I_{1} = 21ʃ (x^{2}) dx

I_{1} = 21(x^{2+1} / 2 + 1) + c_{1}

I_{1} = 21(x^{3}/3) + c_{1}

I_{1} = 21x^{3}/3 + c_{1}

I_{1} = 7x^{3} + c_{1}

**For I**_{2}

I_{2} = ʃ (sin(x) * cos(x)) dx

Put t = cos(x), then dt/dx = -sin(x)

dt = -sin(x) dx

put the values in I_{2}

I_{2} = ʃ -t dt

I_{2} = -ʃ t dt

I_{2} = – t^{1+1}/1 + 1 + c_{2}

I_{2} = – t^{2}/2 + c_{2}

Now put the value of t.

I_{2} = – cos^{2}(x)/2 + c_{2}

**For I**_{3}

I_{3} = 24y^{2} ʃ (x) dx

I_{3} = 24y^{2} (x^{1+1}/1 + 1) + c_{3}

I_{3} = 24y^{2} (x^{2}/2) + c_{3}

I_{3} = 24x^{2}y^{2}/2 + c_{3}

I_{3} = 12x^{2}y^{2} + c_{3}

**Step 5:** Now put the values of I_{1}, I_{2}, and I_{3}.

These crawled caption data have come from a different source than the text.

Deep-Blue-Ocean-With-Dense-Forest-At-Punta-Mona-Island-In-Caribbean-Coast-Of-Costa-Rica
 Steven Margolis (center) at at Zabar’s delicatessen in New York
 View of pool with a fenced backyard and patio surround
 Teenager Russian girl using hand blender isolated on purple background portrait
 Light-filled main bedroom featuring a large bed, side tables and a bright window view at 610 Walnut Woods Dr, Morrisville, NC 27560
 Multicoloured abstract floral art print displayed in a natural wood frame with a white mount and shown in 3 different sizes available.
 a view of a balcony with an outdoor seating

ʃ (21x^{2} + 2sin(x) * cos(x) – 24xy^{2}) dx = I_{1} + I_{2} – I_{3 }

ʃ (21x^{2} + 2sin(x) * cos(x) – 24xy^{2}) dx = 7x^{3} + c_{1} + – cos^{2}(x)/2 + c_{2} – 12x^{2}y^{2} + c_{3}

ʃ (21x^{2} + 2sin(x) * cos(x) – 24xy^{2}) dx = 7x^{3} + – cos^{2}(x)/2– 12x^{2}y^{2} + C

**Example 3: For definite integral**

Solve 138x^{2} + 2sin(x) – 215x^{4}y by using definite integral, with respect to x having limits 2 to 3.

**Solution **

**Summary **

Now you are witnessed that the advanced integral problems are not difficult. Once you follow the above examples, you can solve any integral problem easily. Definite and indefinite integral problems can also be solved by using an antiderivative calculator with steps with steps to avoid large calculations.